In the era of information technology, there is bombardment of information around us. Information is all-pervasive and this excessive information leads to reduction in concentration span. As the information is so readily available that we hardly listen, either we listen to refute or support but not to understand. Most of the people don’t understand that art of speech also improves when we listen attentively. Experience of our day to day activities adds to our background knowledge to infer the latent meaning of conversation. One who develops art of listening begins to understand the tone and attitude along with non-verbal communication. As a result of serious kind of listening one can listen to what others feel as well as what they say. Listening increases the power of reasoning and logic and interprets various situations. One who listens properly can articulate his ideas properly.

Listening is an active interpretation that shapes our realities, and it’s the answer to improving our productivity that leads to success in our lives. Various communication research studies have found out that we spent our 50-80% of conscious time in communicating. Half of that requires listening as communication is a two-way process. Your brain can think at between 4 and 10 times the speed of speech.  This means that when you are listening, you have lots of spare time to use your extra ‘brain time.

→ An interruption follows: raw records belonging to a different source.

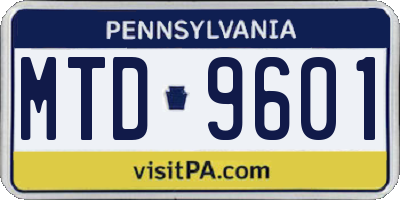 PA license plate MTD9601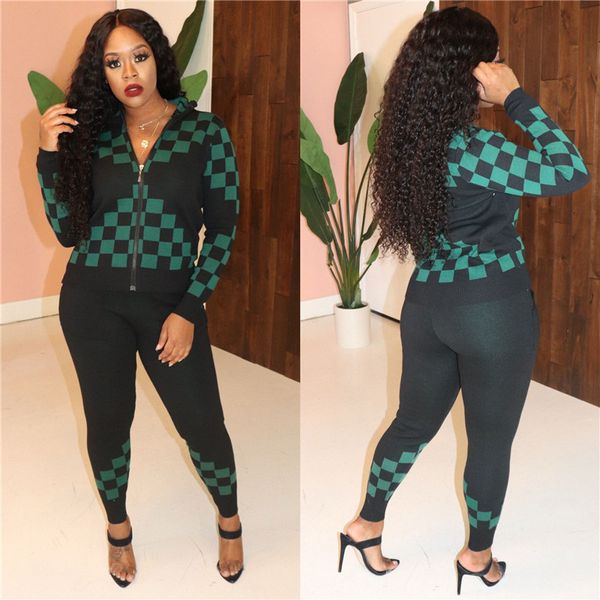 

plaid panelled print womens designer tracksuits fashion zipper cardigan long pants womens 2pcs sets casual females clothing, Gray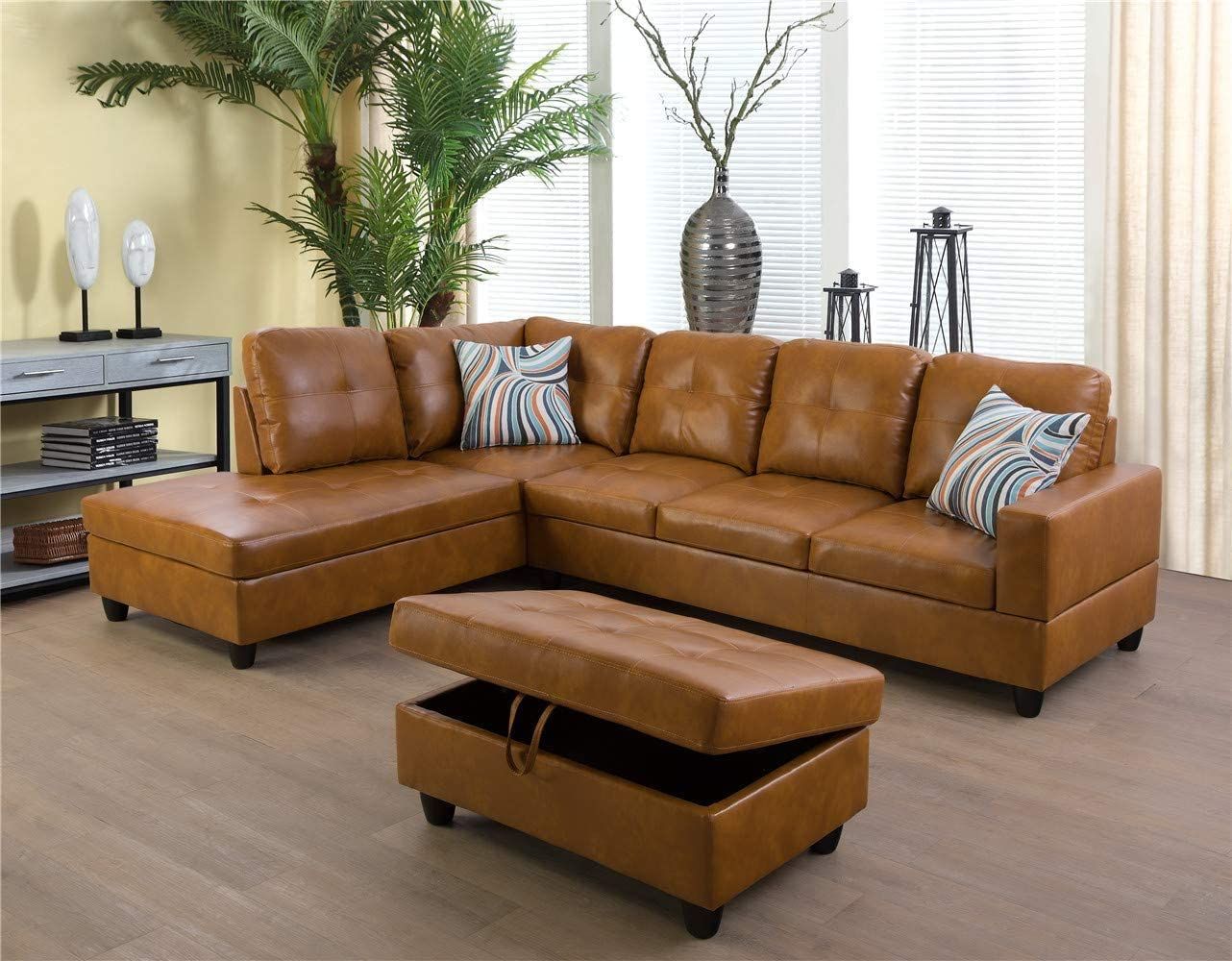 Ponliving Furniture Caramel 103.5'' Sectional Sofa With With Kiefer Right Facing Sectional Sofas (Photo 2 of 15)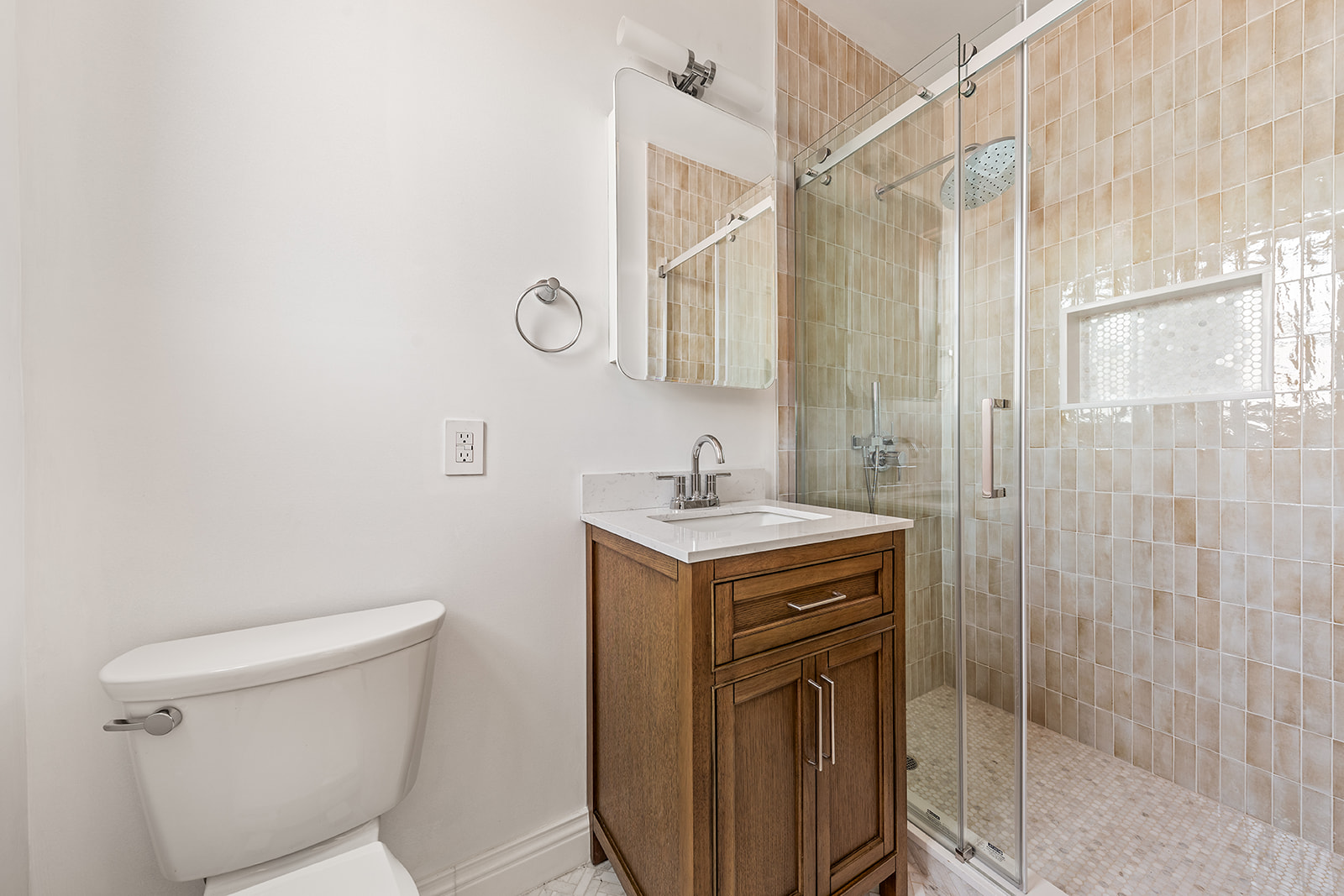 110-50 71st Road, Unit PHD Queens, NY 11375 - Photo 8 of 14 a bathroom with a granite countertop sink toilet and shower
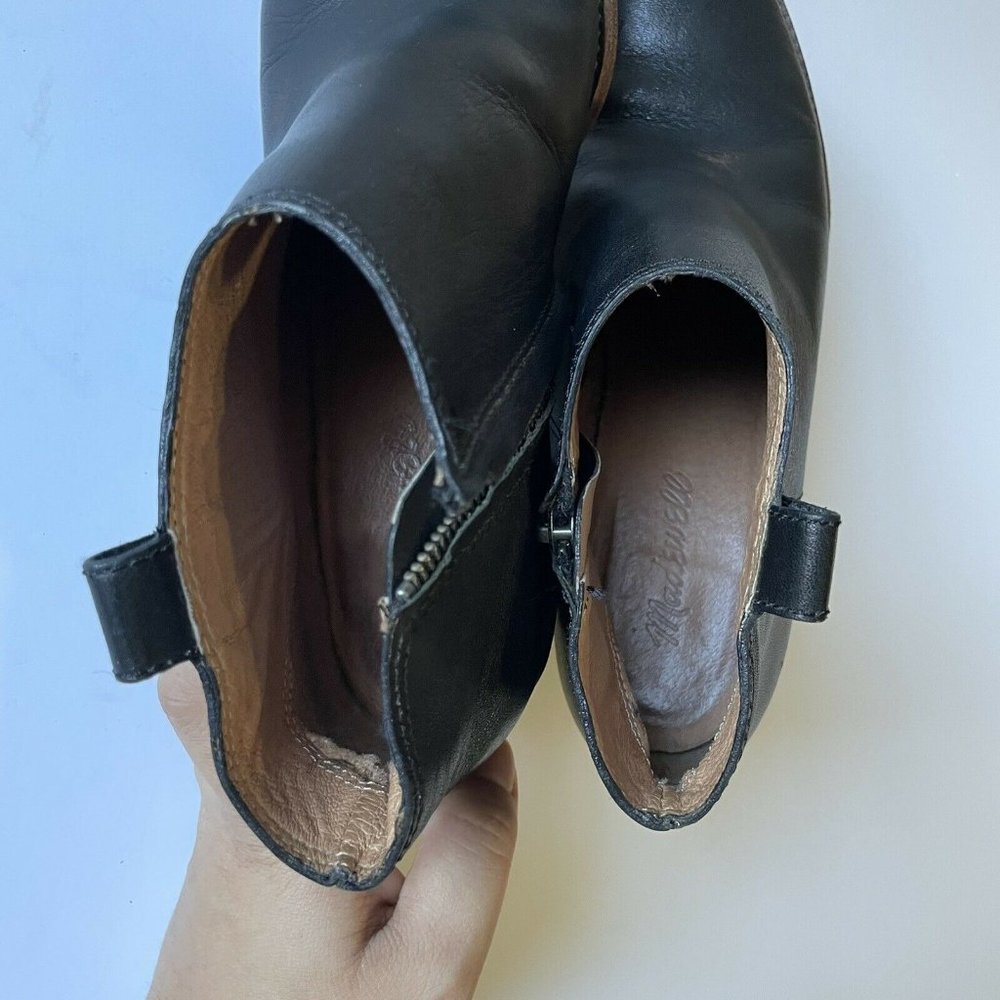 MADEWELL The Billie Boot Bootie Ankle Boot Black Leather Stacked Heel Size 8 - Picture 6 of 12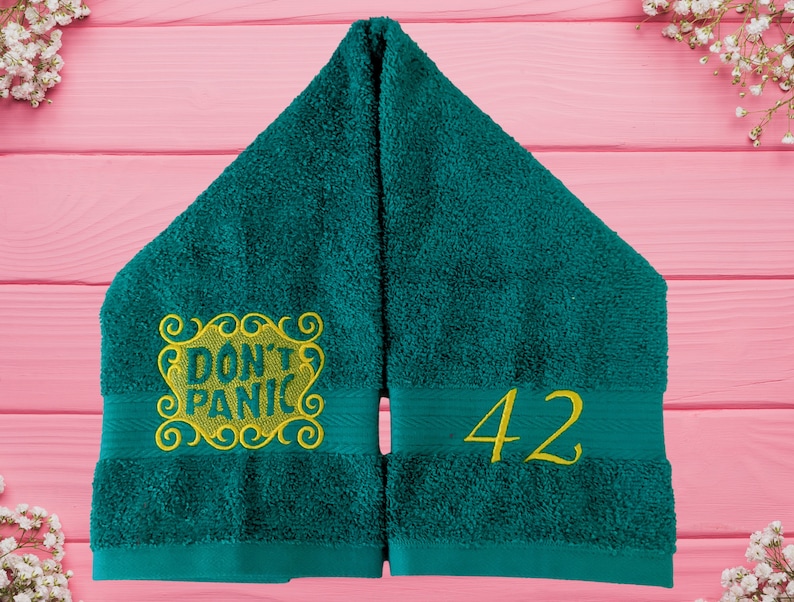 Custom DON'T PANIC Embroidered Hand Towel Hitchhikers Intergalactic Traveler towel day 42nd birthday image 4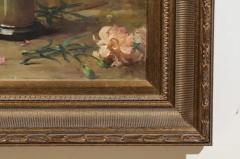 French 19th Century Framed Oil on Canvas Still Life Painting with Pink Bouquet - 3422576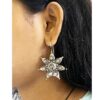 Smart N Perfect for Office & College Wear Elegant Brass Butterfly and Flower Oxidised Drop Earrings for Women | Auspicious Jewelry - Image 2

People who have poor art of listening pretend to pay attention while they are not. They try to do other things while listening. When not listened properly they find trainings and seminars uninteresting.  So they get distracted by the speaker’s way of speech, or other mannerisms. They concentrate on  distractions instead of what is being said at times over listening also creates problems like getting over-involved and thus losing the main thread of the arguments or thoughts. They over react in emotion-filled situations which may arouse personal anger and antagonism. At times people listen to collect facts only.  As a result they avoid anything that is complex or difficult.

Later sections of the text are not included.